This question was recently posed on our Acts 29 discussion forum. I tried to give a brief response.
A Brief Definition
We define “a disciple” as a Spirit-led follower of Christ. The reason we don’t use the “gospel” in our definition is because we see discipleship as relational, unto the Person Jesus, not unto the information of the gospel. We also wanted to emphasize the critical role of the Spirit in being a disciple of Jesus. All too often discipleship is disconnected from the Spirit, the Spirit of the Gospel of Jesus. We want to retain the trinitarian, personal nature of the Gospel by emphasizing the persons of the Trinity.
You Can’t Follow Jesus
But I thought discipleship was all about Jesus? It can’t be all about Jesus apart from the Spirit. Without the Spirit it will be all about you trying to be all about Jesus. This results in dead-end moralism or legalism or despair. The truth is that you can’t follow Jesus. Will Walker helpfully illustrates the centrality of the Spirit in following Jesus when he asks:
Q: “Who would you pick between Jesus and the Spirit to be your discipler?”

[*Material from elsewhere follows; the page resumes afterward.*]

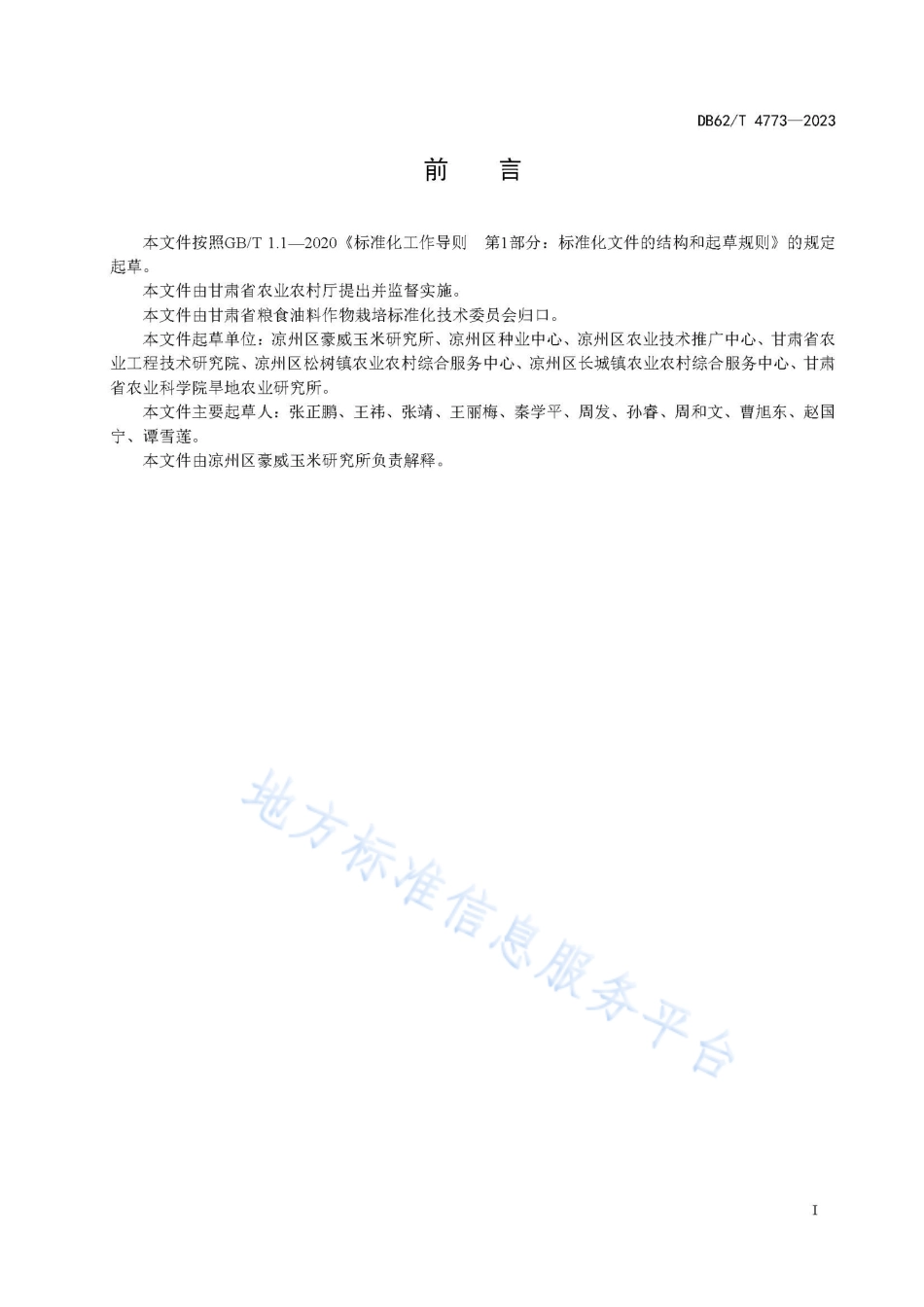 DB62_T 4773-2023玉米品种 豪威538.pdf_第3页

A: “Not Jesus because apart from the Spirit we cannot follow (obey and enjoy) Jesus.” (my answer)
Some Bible Examples:
- Salvation: Ezek 36. Israel could not obey the law with out the heart of flesh being animated by the Spirit.
- Mission: Luke 4. Jesus does not begin his ministry until he is baptized by the Spirit.
- Mission: Acts 2. The Church does not begin its ministry until the sending of the Spirit at Pentecost.
- Sanctification: Gal 5. The way we look like Jesus is by bearing the fruit of the Spirit.
In discipleship, the primary goal of the Spirit is to reproduce the likeness of Christ in each person for the glory of God.